Three cities received one application, and in Bakersfield, Danville and Santa Maria, zero were submitted.

Applications for dividing lots seem to be even less popular than for building duplexes. Just 100 applications were submitted, the report noted, and 28 had been approved.

David Garcia, Terner Center’s policy director, said the new law is only in its first year of implementation and should be given more time before it’s judged as ineffective. But he added that lawmakers should consider whether SB 9 needs tweaking.

“It doesn’t seem like Senate Bill 9 in its first year has resulted in very meaningful amounts of new housing,” Garcia said. “Pretty much everywhere you look, Senate Bill 9 activity is very marginal. It is nonexistent in some places.”

Homeowners right now have an easier time building an ADU than a duplex, thanks to local and state laws that have eased barriers to construction in recent years, Garcia said. It took multiple rounds of legislation to see productive ADU development, and the same will probably be true for SB 9 projects, he added.

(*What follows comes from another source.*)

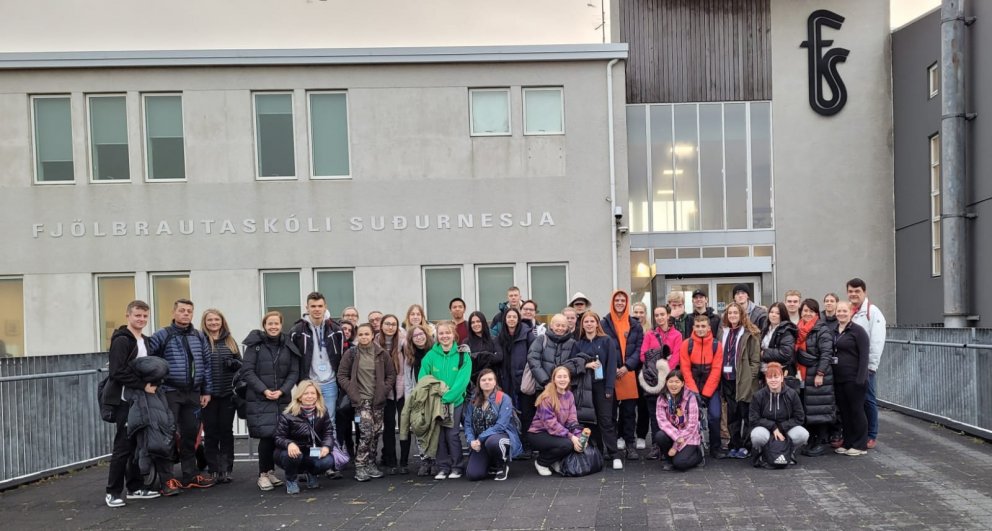Hópurinn allur við Fjölbrautaskóla Suðurnesja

The report suggested cutting fees associated with new development, or adding more uniform standards for SB 9 projects to ensure local governments can’t attach subjective criteria that discourage applications, such as architectural design requirements or stringent landscaping rules. It also proposed revising a mandate that homeowners who split their lots must live in one of the units for at least three years, a key concession lawmakers made to reduce opposition from organizations worried about gentrification.

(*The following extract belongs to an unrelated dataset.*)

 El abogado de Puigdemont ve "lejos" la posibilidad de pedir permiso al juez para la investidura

Senate President Pro Tem Toni Atkins (D-San Diego), author of the legislation, said SB 9 was “never intended to be an overnight fix to our housing shortage.”

“We always said not every homeowner would be able, or want, to utilize the tools provided by the bill on Day One,” Atkins said in a statement. “Subdividing a lot, or even just adding an ADU, is a big investment. This bill was never intended to be a sledgehammer approach — it was meant to increase the housing supply over time, and as awareness of the law increases and more homeowners have the ability to embrace the tools, I’m confident that we will see results.”

Garcia and other housing experts said slow progress could also be attributed to the effects of the COVID-19 pandemic, when prices for building materials shot up and homeowners and buyers faced significant market uncertainty. That was followed by high inflation and interest rates.

While the report offers legislators a limited snapshot of how SB 9 has worked so far, the state is also expected to have more robust data available this summer.

Any attempt to modify SB 9 this year, however, is sure to reignite opposition from many of the dozens of cities and neighborhood associations that tried to block its passage in 2021. Since then, some cities have gone to great lengths to avoid implementing the law, including the Silicon Valley suburb of Woodside, which declared itself a mountain lion sanctuary and invited a stern warning for compliance by the state attorney general’s office.

Matthew Lewis, spokesperson for California YIMBY, a housing advocacy organization that supported SB 9, said it could be worth going back to the drawing board to ensure local governments are doing what they can to ease burdens to duplex development.

“The reality is people will follow the path of least resistance to building the house they want. And if there’s still a lot of resistance to SB 9 — which I think there is — then we are getting what we would expect,” Lewis said. “So as we learn about what’s working and what’s not, I think we’re always ready to go back and improve upon legislation.”